--- Information shown Enclosed Below ---

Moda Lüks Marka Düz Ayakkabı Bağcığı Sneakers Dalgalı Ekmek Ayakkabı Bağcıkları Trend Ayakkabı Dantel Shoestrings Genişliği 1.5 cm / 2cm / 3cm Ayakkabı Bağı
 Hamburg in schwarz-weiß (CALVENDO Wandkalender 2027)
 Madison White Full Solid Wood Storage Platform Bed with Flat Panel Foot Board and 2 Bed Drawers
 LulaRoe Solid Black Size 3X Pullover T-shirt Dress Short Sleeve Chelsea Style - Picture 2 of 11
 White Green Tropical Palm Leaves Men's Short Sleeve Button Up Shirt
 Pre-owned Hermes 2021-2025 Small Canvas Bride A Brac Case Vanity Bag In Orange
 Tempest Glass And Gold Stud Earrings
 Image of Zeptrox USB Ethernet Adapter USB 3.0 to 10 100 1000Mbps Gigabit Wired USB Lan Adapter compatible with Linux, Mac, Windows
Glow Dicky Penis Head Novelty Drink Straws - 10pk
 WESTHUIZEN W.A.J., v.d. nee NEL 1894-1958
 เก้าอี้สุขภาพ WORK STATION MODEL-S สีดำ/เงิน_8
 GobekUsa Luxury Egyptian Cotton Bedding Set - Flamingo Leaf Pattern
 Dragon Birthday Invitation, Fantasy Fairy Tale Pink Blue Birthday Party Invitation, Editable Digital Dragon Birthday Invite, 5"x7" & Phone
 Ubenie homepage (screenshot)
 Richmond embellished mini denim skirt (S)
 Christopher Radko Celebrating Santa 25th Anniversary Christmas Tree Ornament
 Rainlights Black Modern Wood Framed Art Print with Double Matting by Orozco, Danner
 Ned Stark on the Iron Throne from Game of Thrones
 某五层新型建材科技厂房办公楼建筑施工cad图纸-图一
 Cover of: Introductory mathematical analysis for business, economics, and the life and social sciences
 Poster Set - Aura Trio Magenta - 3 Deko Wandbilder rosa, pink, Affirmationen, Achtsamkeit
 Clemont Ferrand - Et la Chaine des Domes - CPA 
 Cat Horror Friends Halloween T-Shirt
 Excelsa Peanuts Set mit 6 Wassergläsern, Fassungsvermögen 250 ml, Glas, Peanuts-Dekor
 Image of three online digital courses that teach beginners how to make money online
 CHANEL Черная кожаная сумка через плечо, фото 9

--- End of Enclosed Information shown ---

### What this task involves
Please retype all of the data above exactly as it appears.

### Expected answer
Moda Lüks Marka Düz Ayakkabı Bağcığı Sneakers Dalgalı Ekmek Ayakkabı Bağcıkları Trend Ayakkabı Dantel Shoestrings Genişliği 1.5 cm / 2cm / 3cm Ayakkabı Bağı
 Hamburg in schwarz-weiß (CALVENDO Wandkalender 2027)
 Madison White Full Solid Wood Storage Platform Bed with Flat Panel Foot Board and 2 Bed Drawers
 LulaRoe Solid Black Size 3X Pullover T-shirt Dress Short Sleeve Chelsea Style - Picture 2 of 11
 White Green Tropical Palm Leaves Men's Short Sleeve Button Up Shirt
 Pre-owned Hermes 2021-2025 Small Canvas Bride A Brac Case Vanity Bag In Orange
 Tempest Glass And Gold Stud Earrings
 Image of Zeptrox USB Ethernet Adapter USB 3.0 to 10 100 1000Mbps Gigabit Wired USB Lan Adapter compatible with Linux, Mac, Windows
Glow Dicky Penis Head Novelty Drink Straws - 10pk
 WESTHUIZEN W.A.J., v.d. nee NEL 1894-1958
 เก้าอี้สุขภาพ WORK STATION MODEL-S สีดำ/เงิน_8
 GobekUsa Luxury Egyptian Cotton Bedding Set - Flamingo Leaf Pattern
 Dragon Birthday Invitation, Fantasy Fairy Tale Pink Blue Birthday Party Invitation, Editable Digital Dragon Birthday Invite, 5"x7" & Phone
 Ubenie homepage (screenshot)
 Richmond embellished mini denim skirt (S)
 Christopher Radko Celebrating Santa 25th Anniversary Christmas Tree Ornament
 Rainlights Black Modern Wood Framed Art Print with Double Matting by Orozco, Danner
 Ned Stark on the Iron Throne from Game of Thrones
 某五层新型建材科技厂房办公楼建筑施工cad图纸-图一
 Cover of: Introductory mathematical analysis for business, economics, and the life and social sciences
 Poster Set - Aura Trio Magenta - 3 Deko Wandbilder rosa, pink, Affirmationen, Achtsamkeit
 Clemont Ferrand - Et la Chaine des Domes - CPA 
 Cat Horror Friends Halloween T-Shirt
 Excelsa Peanuts Set mit 6 Wassergläsern, Fassungsvermögen 250 ml, Glas, Peanuts-Dekor
 Image of three online digital courses that teach beginners how to make money online
 CHANEL Черная кожаная сумка через плечо, фото 9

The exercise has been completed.